Food Res Int. 2022 Sep;159:111545. doi: 10.1016/j.foodres.2022.111545. Epub 2022 Jun 22.
The effects of stir-frying stages on the formation of flavor volatile compounds, Maillard reaction products (MRPs) and potentially hazardous substances with time in stir-fried beef sao zi were investigated. A total of 122 volatile compounds were identified in beef sao zi after stir-frying. Most of the volatile compounds were produced in the stir-frying fat (SFF) process of beef sao zi. Furosine, fluorescence intensity, Nε-(1-Carboxymethyl)-L-lysine (CML), Nε-(1-Carboxyethyl)-L-lysine (CEL) polyaromatic hydrocarbons (PAHs), heterocyclic aromatic amines (HAAs) and acrylamides (AA) are mainly presented in stir-fried beef sao zi. The furosine peaked at MSF 120 s as the Maillard reaction progressed. The fluorescent compound gradually increased with time during the stir-frying process. The CML and CEL peaked at MSF 120 s. AA reached its maximum in MSF 90 s and then decreased. The quantities and content of HAAs and PAHs were increased by prolonging the stir-frying time, but ended up far lower than the maximum permissible value specified by the Commission of the European Communities. The extended stir-frying promoted MRPs and some hazardous substances, but the content of potentially hazardous substances was still within the safety range for stir-frying beef sao zi.

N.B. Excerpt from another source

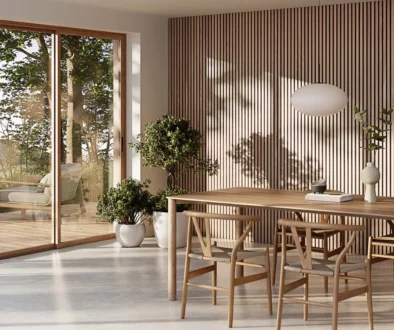 Vertical Wood Slat Modern Dining Using White Oak Wood Slat for Accent Wall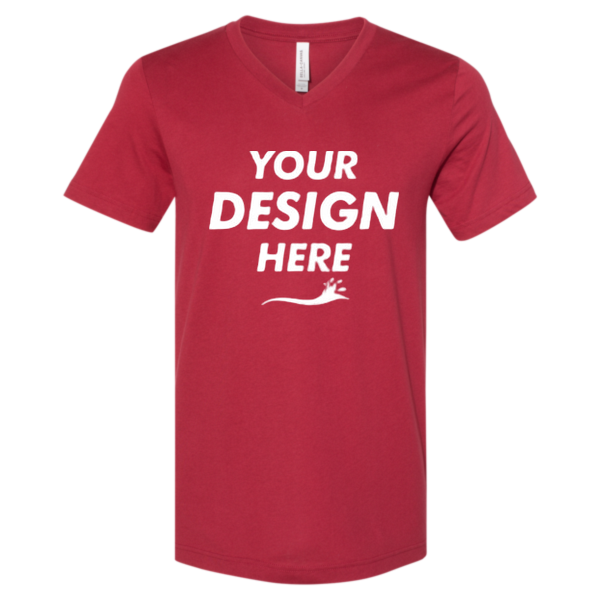 Bella + Canvas Jersey V-Neck Tee, Cardinal, Front view, Mockup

研究了炒制阶段随时间的推移对牛肉臊子中风味挥发性化合物、美拉德反应产物(MRP)和潜在有害物质形成的影响。炒制牛肉臊子后共鉴定出 122 种挥发性化合物。大多数挥发性化合物是在牛肉臊子的炒制脂肪(SFF)过程中产生的。呋咱、荧光强度、Nε-(1-羧甲基)-L-赖氨酸(CML)、Nε-(1-羧乙基)-L-赖氨酸(CEL)多环芳烃(PAHs)、杂环芳烃胺(HAAs)和丙烯酰胺(AA)主要存在于炒制牛肉臊子中。呋咱在美拉德反应进行到 MSF 120s 时达到峰值。荧光化合物在炒制过程中随时间逐渐增加。CML 和 CEL 在 MSF 120s 时达到峰值。AA 在 MSF 90s 时达到最大值,然后减少。延长炒制时间会增加 HAAs 和 PAHs 的数量和含量,但最终远低于欧洲共同体委员会规定的最大允许值。延长炒制促进了 MRPs 和一些有害物质的形成,但潜在有害物质的含量仍在炒制牛肉臊子的安全范围内。